Italia, por su parte, es una estructura estatal relativamente joven en un territorio organizado regionalmente desde el Imperio Romano. La Edad Media y el Renacimiento vivieron el protagonismo de las ciudades, algunas poderosas como Venecia, Génova o Milán, pero muy fuertes casi todas. Con esta historia, no pudo sino aceptar esa realidad hija del tiempo. Allí funcionan 20 regiones, con grandes estrucrturas (especialmente varias que son autónomas), debajo de las cuales actúan Provincias y Municipios. La burocracia italiana, célebre por mil motivos, actúa en ese vasto escenario a elevado costo y notable ineficiencia, salvo las excepciones que nunca dejan de serlo.

Dentro de este panorama, ¿tiene sentido que el Uruguay subsuma sus actuales diecinueve departamentos en cinco provincias, como propone la Senadora?

La primera pregunta es si hoy la realidad lo reclama. ¿Hay un caos en la infraestructura?
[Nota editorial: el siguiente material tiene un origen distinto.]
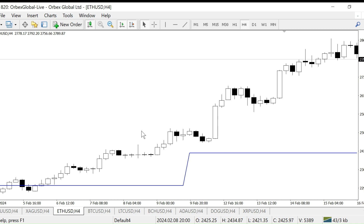If you are looking for a titanium-coated, gold-plated trading strategy, this is not that one. This simple strategy uses the weekly pivot line. Pivot lines were invented in the 1920s when computers had not been invented, and professional traders needed a reference line on their charts, so they invented these pivot lines. A pivot line is simply the sum of the high, low, and close of the previous bar.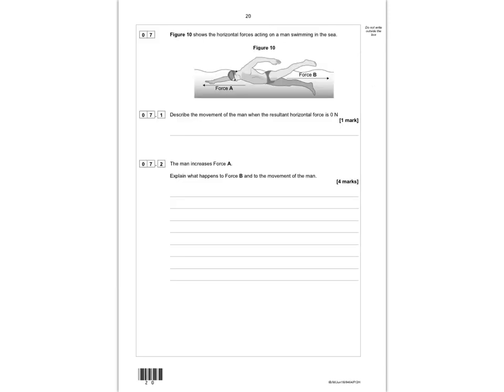In question 7, figure 10 shows the horizontal forces on a man swimming in the sea. Question 7.1 asks: describe the movement of the man when the resultant of the horizontal forces is zero newtons. Since the forces are balanced and resultant force is zero, the man will not be accelerating — he will continue at a constant velocity.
No se advierte, porque el Ministerio de Obras Públicas desde siempre coordina razonablemente con las Intendencias. ¿Hay una anarquía en el empleo de recursos? Cada gobierno departamental posee los suyos y los recursos nacionales previstos en la Constitución se distribuyen equitativamente, de modo que pueden lograrse efectivas coordinaciones al hacerlo. Por aparte de la histórica guerra de las patentes —hoy en estado de tregua— en los hechos, desde hace ya tiempo, el Congreso de Intendentes no solo representa los intereses del conjunto sino que ha fomentado, y de hecho funcionan, instancias regionales de coordinación.

No se advierte, entonces, un problema grave que requiera solución. Y la propuesta conlleva serios riesgos. Si se superponen las provincias-regiones a los Departamentos, sufriremos los procesos de burocratización y debate de competencias que se ve en Europa. Si se piensa en subsumir las actuales Intendencias en las nuevas Provincias, se chocará contra el natural sentimiento de la gente. ¿Alguien cree, por ejemplo, que Salto y Paysandú estarían dispuestos a perder sus intendencias en beneficio de la Provincia del Litoral? ¿O Maldonado y Rocha? Plantear la pregunta es responderla. Siendo entonces inviable ese camino, solo quedará el de acumular y superponer y eso no lo vemos beneficioso.

Hemos respetado propuestas que distinguidos correligionarios hicieron en su tiempo, pero nunca nos convencieron demasiado. Respetamos también la inquietud de la Senadora, pero mucho menos nos convence cuando se están requiriendo cambios institucionales muy importantes, como en la educación, pero no en el ámbito planteado.